I am having an issue where despite having a professional electrician install the Sense, the monitor can only see one Main and not both. It used to be that it can see one and occasionally it wouldn’t see anything anymore, seeing a phantom of the other main (showing a bunch of 0 readings instead of no readings) and then switch back. Does that make sense?
Not the clamps themselves, but they are connected to 2 wires and those two wires have a connector on them that plug into the sense box. That connector is what others have wiggled to make sure it was fully seated.
You could also confirm that the clamps look fully closed around the mains. In some installations, like mine, when the cover goes back on, it can push on the clamps and open them slightly, so they may need to be readjusted.
(PS Turn off the main circuit breakers when working inside the panel just to be safe)
I would swap the CT’s from leg A to B and B to A and then see if the problem moves. If it moves it tells me you have a CT issue while if it doesn’t move it says there is an issue with the orange box.
Unfortunately, swapping the CT’s will not fix this issue. Swapping CT’s will end in losing data. Please contact customer support at support@sense.com and we can resolve this issue with one of our support agents.
In order to see that negative value, you’d have to look in the settings -> sense monitor page.
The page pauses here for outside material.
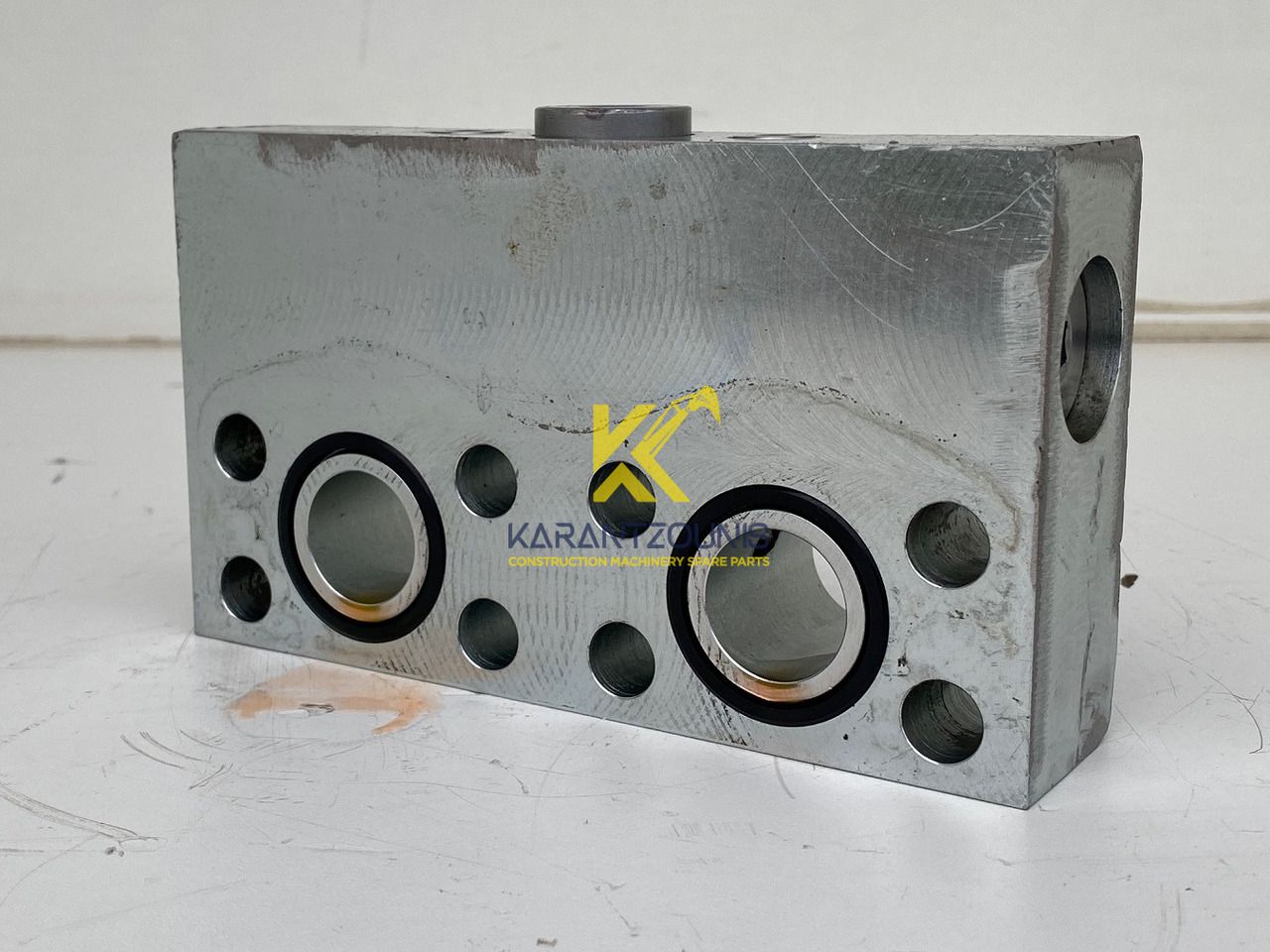 Liebherr Dämpfungsventil ID-Nr.10121777. P924 COMP, P926, R926, R916, R922, R924 COMP, R924, R926 COMP, R926, R930, R936, R946, R950 T, R960 T. #DÄ27652# - Schwenkmotor für Bagger: das Bild 3 Liebherr Dämpfungsventil ID-Nr.10121777. P924 COMP, P926, R926, R916, R922, R924 COMP, R924, R926 COMP, R926, R930, R936, R946, R950 T, R960 T. #DÄ27652# - Schwenkmotor für Bagger: das Bild 3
On the main screen it’ll read as zero.
My money is on 1̶)̶ ̶b̶a̶c̶k̶w̶a̶r̶d̶s̶ ̶C̶T̶ or 2) faulty CT. If you go to the settings and see a negative value there, check to make sure your CTs are both installed in the correct direction.
Hey guys, just a quick FYI - for the Sense system to work, it is important that you not move the CTs to another line after the initial power-on. If your Sense unit is not working, please contact support@sense.com. We have been growing our customer support team, so our response time is steadily improving.
Attempting to diagnose the problem yourself is not recommended, as Sense replaces all hardware if we suspect any of it is not functioning properly. In case you would have a loose pin problem for example, the above-mentioned procedure would mistakenly diagnose it as a monitor problem, not a CT problem. Hope this helps!
Despite paying a professional electrician to install it it wasn’t done correctly. What was wrong is now obvious to me but not knowing anything about household electricity and assuming the installation was done correctly, I didn’t question the basics.
The key issue is that only one main was being sensed. It was simply because only one of the clamps was attached to a main (see photos). The other one was simply connected to the “Range”, see photos included. Once I figured that out, it was just a matter of figuring out a way to move things around a bit without getting electrocuted and clamping to an actual second main.
Now the monitor is reporting two mains (through one is quite a bit lower the other currently but that could just be a function of us being in the kitchen with no other room lit up).
Now I need to figure out if, as @Maarja-Liis might have alluded to, I can rely on the sensor as is, if it needs to be reset or replaced. It had never detected any appliance after a month. It had detected 250W of always on but I don’t know how reliable this was in this circumstances.
I do feel that Sense support who I relentlessly engaged during that time could have diagnosed the issue better. Instead I was left to my own device (pun intended).
I didn’t think swapping CT will be a bad idea. I had to clean up the install wiring on mine and didn’t pay much attention to where each one was clipped.
I had only suggested swapping to try to see if the problem moved. If you swap you would have to reinitialize Sense and start over - it was just a trouble shooting idea.